2: Airborne launcher:

  • Same principle as the interception missile, but copy-pasted into a Pegasus Air-Launched Rocket type device.
  • A cargo aircraft (Or Even bomber/fighter if you can make it small enough) carries the missile up to an initial altitude and speed, giving it a nice boost and reducing the amount of distance the missile has to cover, and thus fuel needed. That makes it even smaller and cheaper.
  • Side benefit is it also reduces the time between launch and intercept. You could have a few B52s or other strategic bombers on 'Space Patrol' duty, flying at high altitude and ready to launch their missiles at a moments notice. Think of how the USAF had bombers airborne 24/7 during the cold war, then apply the idea to space missiles.

3: Orbital Minefield:

  • This is much, much harder, but the sheer domination of space it provides is worth it.
  • Instead of a singular launch like the Interception Missile, you pack multiple missile payloads into a launch vehicle. They don't need to be much - enough fuel to make some decent orbit changes, a guidance system, and some sensors/comms to control them. Launch a few of these packages into disparate orbits, and let them sit.
  • When you detect his spacecraft, just figure out which packages can most easily be steered onto a collision course. Have a couple of your "Terminal Engagement Vehicles" leave their parking orbit and alter their course to briefly but violently intersect his.
  • The actual Terminal Engagement Vehicles can be comparably tiny. Like I said, you just need to carry enough fuel for minor course changes, and smartphone-level processing power. They could be devices not much bigger than a milkjug, with dozens per package.

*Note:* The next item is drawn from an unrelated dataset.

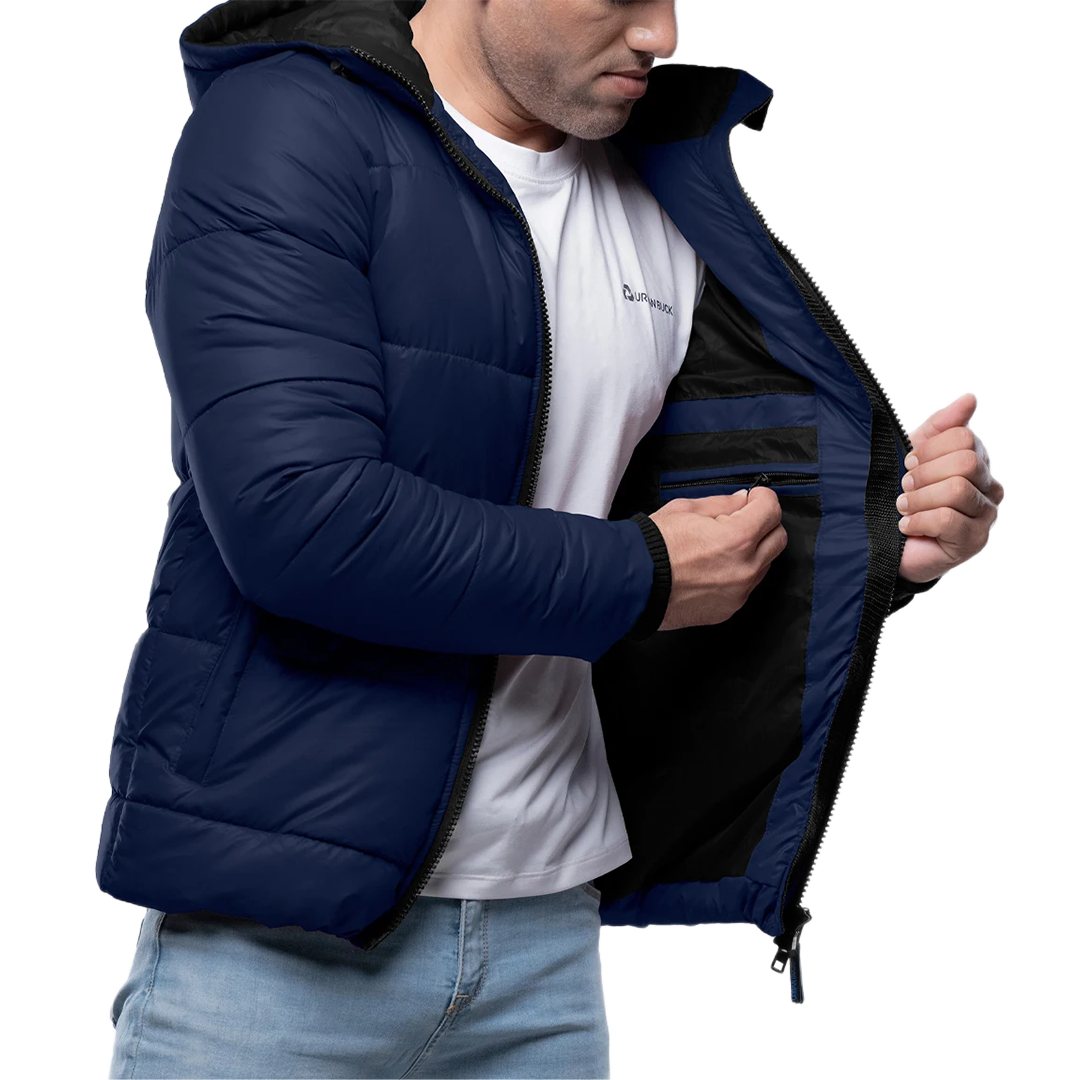 Men's Blue Puffer Jacket with Hood - Down Insulation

  • To make the minefield prohibitively difficult to take out, have the TEVs separate from the package they were launched in, and make minute course changes to spread out their orbits. This makes them harder to detect, harder to destroy, and also harder to evade because they can come at a spacecraft from any direction at any time.

If you want to get straight-up sadistic, place orbital minefields around Mars, Venus, and Jupiter. The mines will have months to detect incoming spacecraft and get on intercept trajectories, and you'll be denying him some very potent gravitational slingshot options.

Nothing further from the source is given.